Andrew Hawken, CEO and co-founder at Mesmerise, a virtual and augmented reality platform that’s used for meetings, conferences, events and training, said his company is helping companies migrate to the metaverse. These enterprises are making this leap with virtual reality in hopes of engaging their workforce — many of whom have never been to the office — whether through onboarding, training or other company events. According to Hawken, training or hybrid work rooted in virtual reality is helping workers experience what it’s like to have their work community reunited.
“I think there will be scenarios where these headsets just become the norm alongside your phone or laptop.”
But much of the work being conducted outside the physical realm utilizes virtual reality, though Hawken believes the next generation of headsets will enable mixed reality, “and that will become very powerful,” he said.
A much anticipated mixed reality headset from Apple is reportedly slated for release in 2023 and Meta released its Meta Quest Pro headset last month. As more mixed reality tools, like applications that allow workers to collaborate with one another in the metaverse, and headsets become available, this blend of the digital and physical may become more commonplace in offices and other work settings.
“I think it’s going to be a big part of everyone’s working lives,” Hawken said. “I think there will be scenarios where these headsets just become the norm alongside your phone or laptop.”
While virtual, augmented and mixed realities will be more widely adopted and integrated into our work and everyday lives, it’s still unclear just how big a role they’ll play and in exactly what ways.
When it comes to the metaverse, mixed reality applications and hardware are poised to have an impact. Winston Robson, CEO and Founder of WeMeta, an analytics tool for managing digital land in the metaverse, sees mixed reality offering a range of experiences in the metaverse today, from work to one-off events, though there’s a lingering problem around the creation of engaging, compelling content.
And hardware remains an issue.
“Use cases can sometimes be a challenge because you’re going to be wearing this thing on your face all the time,” Olimpo said. “And that’s a hard thing to fathom.”
This is one of the big reasons why Olimpo believes sports is the best outlet for mixed reality applications. Many athletes have something strapped to their head during the course of a game and for a relatively short period of time. But not only that, it’s also the physical activity inherent in Arcadia that makes these mixed reality competitions so valuable.

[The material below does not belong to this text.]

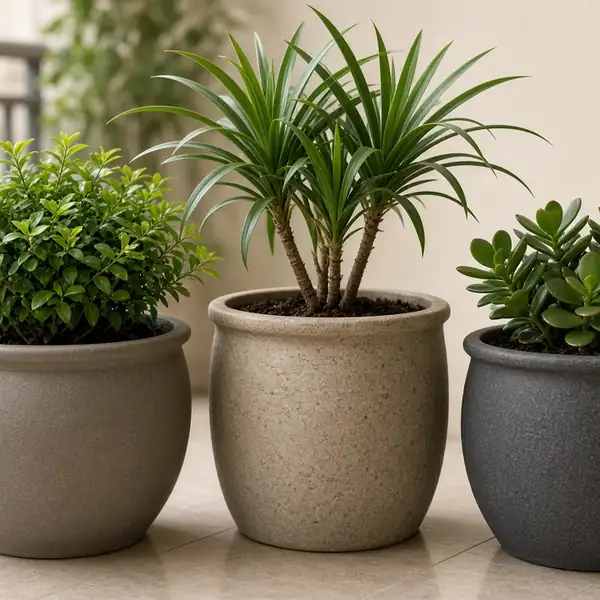 Chậu Để Sàn Cho Cây Nội Thất Và Cây Trang Trí Cỡ Lớn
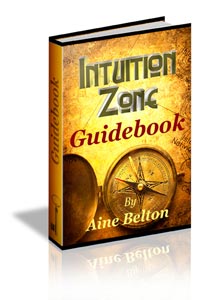 Intuition guide book Intuition guide book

“My big dream here is that one day parents are going to tell their kids, ‘Why don’t you go outside and play video games already?’”
“I do think the main benefit on our side is getting society out of their chairs, getting people moving, getting people wanting to go to a shared space and build a true community,” Olimpo said. “Right now, I feel like we have a bunch of fake communities, whether it be on Discord or on social media or wherever it is. The way we’re developing our technology is dividing us more and more and more.”
He envisions a day when technology once again brings people together, much like movie theaters did before most people had their own version of a movie theater in their living room.
But what would it take to get there?
As low-cost mixed reality headsets and applications become more ubiquitous, Olimpo hopes a day comes where kids are able to run down to the neighborhood park with headsets in hand and start playing with their friends in a mix of both the physical and virtual worlds around them.